Ford Credit Auto Owner Trust $2B Notes/Certificates 98A Rated by Fitch IBCA - Fitch IBCA Financial Wire -

    NEW YORK, March 4 -- Ford Credit Auto Owner Trust
$647 million class A-1 5.545% notes are rated 'F1+' by Fitch IBCA.  In
addition, the $535 million class A-2 5.60% and the $691.5 million class A-3
5.65% asset-backed notes are rated 'AAA'.  The $80.5 million class B
5.95% notes are rated 'A' and the $46 million 6.20% asset backed certificates
are rated 'BBB'.
    The ratings on the class A and B notes are based upon their respective
levels of subordination, and the specified credit enhancement amount, which
consists of both funds in the reserve account and overcollateralization.  The
rating on the asset-backed certificates is based upon the credit support
provided by the specified credit enhancement amount.  All ratings reflect the
transaction's sound legal structure and the high quality of the retail auto
receivables originated and serviced by Ford Credit.

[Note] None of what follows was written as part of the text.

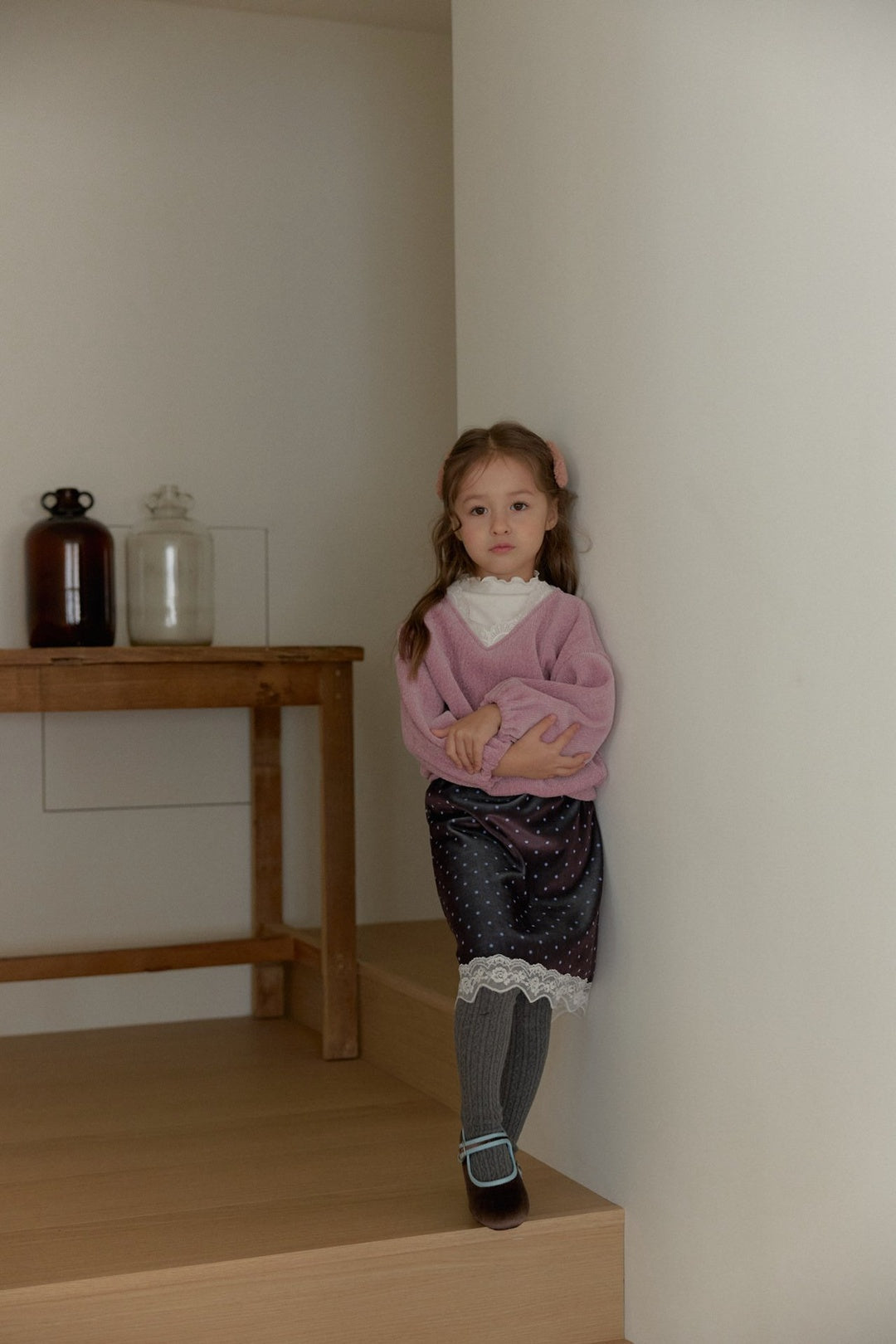 [berryberry] Choco V neck tops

    Approximately 70% of the principal balance of the receivables represents
financing for new vehicles.  The pool is well diversified geographically with
only two states, Florida (10.71%) and Texas (11.03%), constituting more than
10% of the pool.  As of the cutoff date, the receivables had a weighted
average remaining maturity of approximately 48 months and slightly under
8 months of seasoning.
    Principal and interest on the notes and certificates will be distributed
monthly.  Classes A-1 through A-4 are sequential pay note classes.  In
addition, no principal will be distributed to the class B notes until the
class A-4 notes are paid in full, and no principal will be paid to the
certificateholders until the class B notes have been paid in full.
    Initial credit enhancement for the class A notes is 6.00% and consists of
5.50% subordination from the class B notes (3.5%) and class C certificates
(2.00%), and the 0.50% initial deposit to the reserve account.  After the
closing date, the specified credit enhancement amount, which consists of both
the reserve account and overcollateralization, will be 1.0% thereby bringing
total target class A credit enhancement to 6.5%.  Additional credit
enhancement for the class A notes is provided by the transaction's sequential
pay structure.  Since the class B notes and class C certificates will not
receive any principal until the class A notes are paid in full, total
enhancement behind the class A notes will increase as the pool amortizes.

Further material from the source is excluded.